The closest humans have come to discovering the elephant graveyard was with Operation Dumbo Drop in which they parachuted an elephant out of a plane thinking it would lead them to the mythical lands. Although most details on this operation are still classified it is thought the elephant, Bo Tat was actually an elephant mole, used to gain intel on the humans and to see what information we had recovered on the graveyard’s location. Bo Tat quickly found out we had no lead and went back to her herd and told the elephant kingdom of her success.

Tugboats, just like elephants have a specific resting place. While the location of the elephant graveyard still eludes us, we know exactly where the tugboats go when they’re ready to retire. Staten Island.

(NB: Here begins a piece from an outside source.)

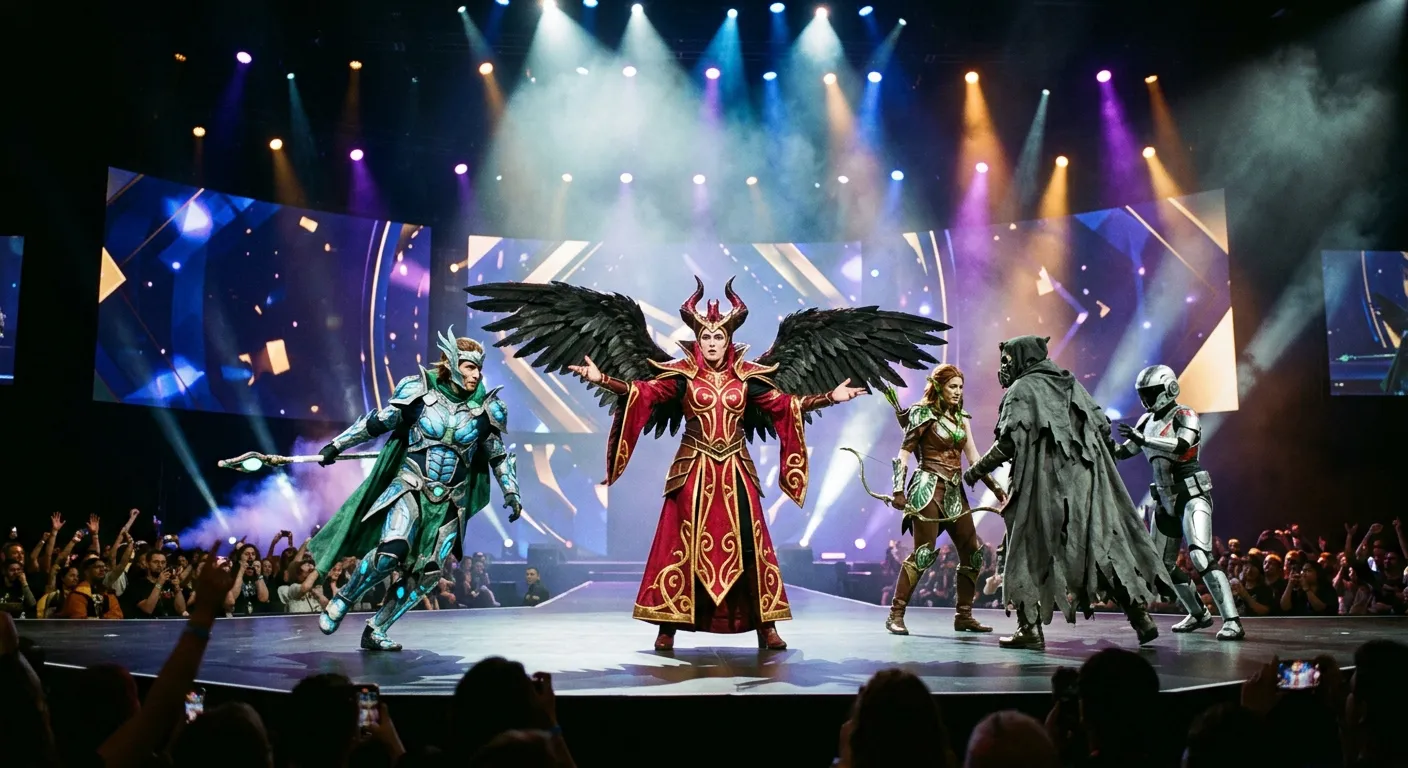 Cosplayers actuan en un gran escenario de campeonato internacional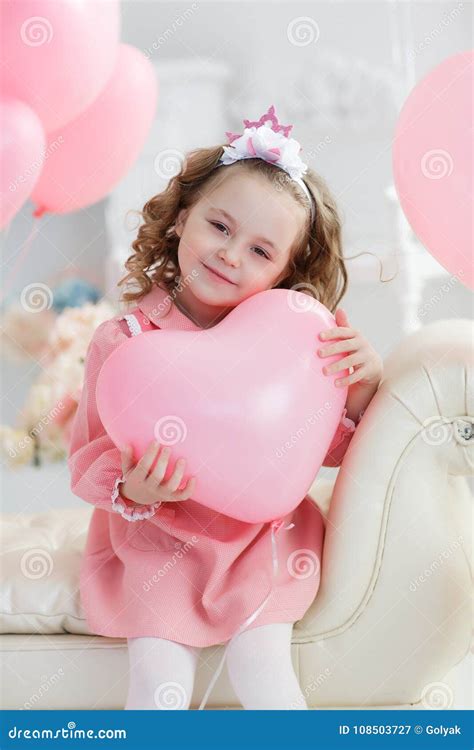 cute  year  girl  pink dress  pink balloons   shape  heart stock image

The tugboats working in the New York City have an easy trip to Staten Island and their final resting place but the tugboats coming from far away, such as San Francisco must answer their death call a whole year before their final tugging days. Some may say the Panama Canal was built mainly to ease the trip of tugboats to the Staten Island Tugboat Graveyard.

If you’ve ever heard the story of the Little Engine That Could based on no research it is posited the original story was about a tugboat in Shanghai making its journey to Staten Island. It was train propaganda that made it about a train. Such loco motives.

Hemingway’s Old Man and The Sea is thought to be an ode to the Tugboat That Could. Sporting such quotes as:

I may not be as strong as I think but I know many tricks and I have resolution.

Or

Everything about him was old except his eyes, and they were the same color as the sea and were cheerful and undefeated.

Or

Now is no time to think of what you do not have. Think of what you can do with what there is.

And so like Hemingway attested, through sheer grit tugboats make their way to Staten Island where they can finally be at peace. At their height there were 200 retired tugboats aimlessly floating and bumping into each other along the banks of Staten Island. Over time they sink to the ocean depths, maybe forming new coral reefs for sea life. Maybe tugging sunken ships to Davy Jones’ Locker. Maybe tugboats die just like how they live as told by R. Kelly, “with a little bump and grind.”